The humble roadside cobbler has now been given an opportunity to acquire higher education, courtesy a state government initiative with the Y.B. Chavan Maharashtra Open University (YCMOU), a top official said here Friday.
The YCMOU has developed a week-long training programme for cobblers to provide them with advanced work skills and reward them with a certificate. "This certificate will be valid to obtain loans from nationalised banks and help cobblers buy better equipment or expand their trade and become entrepreneurs," said YCMOU spokesperson S. Belsare.
The initiative, with a nominal course fee, has been sponsored by the Leather Industry Development of Maharashtra (LIDCOM) and the course was designed by YCMOU vice-chancellor R. Krishnakumar in consultation with several cobblers' trade organisations and experts like Sanjivni Mahale of the Department of Education of YCMOU and former state minister Babanrao Gholap, he said.
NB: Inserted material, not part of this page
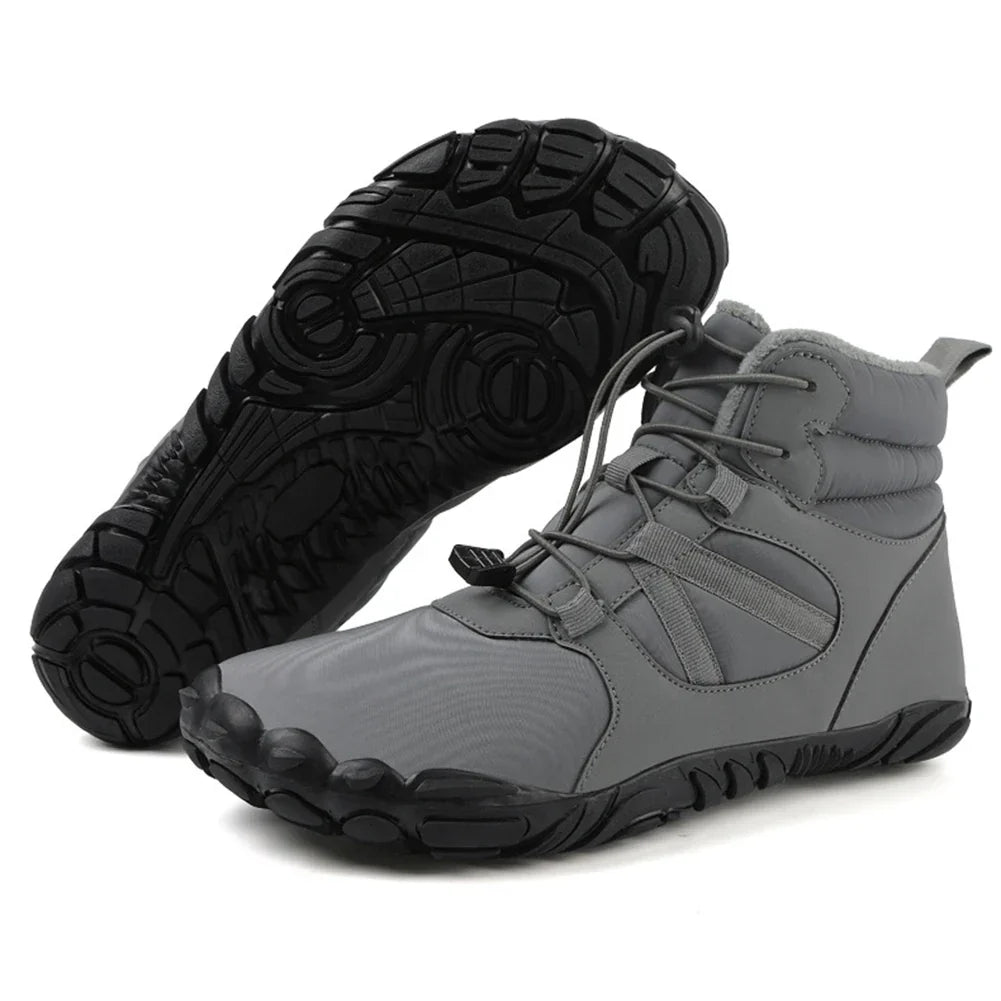 Winter Warm Snow Boots Non-Slip Jogging Sneakers Thickened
Presently, the course is being introduced in five districts: Dhule, Jalgaon, Ahmednagar, Nashik and Nandurbar, and will later cover the entire state, Mahale said.A Belsare explained that there are around 1.25 million cobblers in the state, including 55 percent in the rural areas, earning an average of Rs.100-150 daily, which barely suffices to maintain their families.
"The need of the services of the cobblers is eternal and will remain till mankind exists on this planet. However, their important skills and knowledge are passed on from generation to generation only as a family tradition. The conventional system of education does not recognise these otherwise high quality skills," Belsare explained.
Accordingly, the YCMOU developed the one-week skill training programme, taking into consideration the needs of the cobblers. Depending on the response, a more elaborate programme will be implemented later.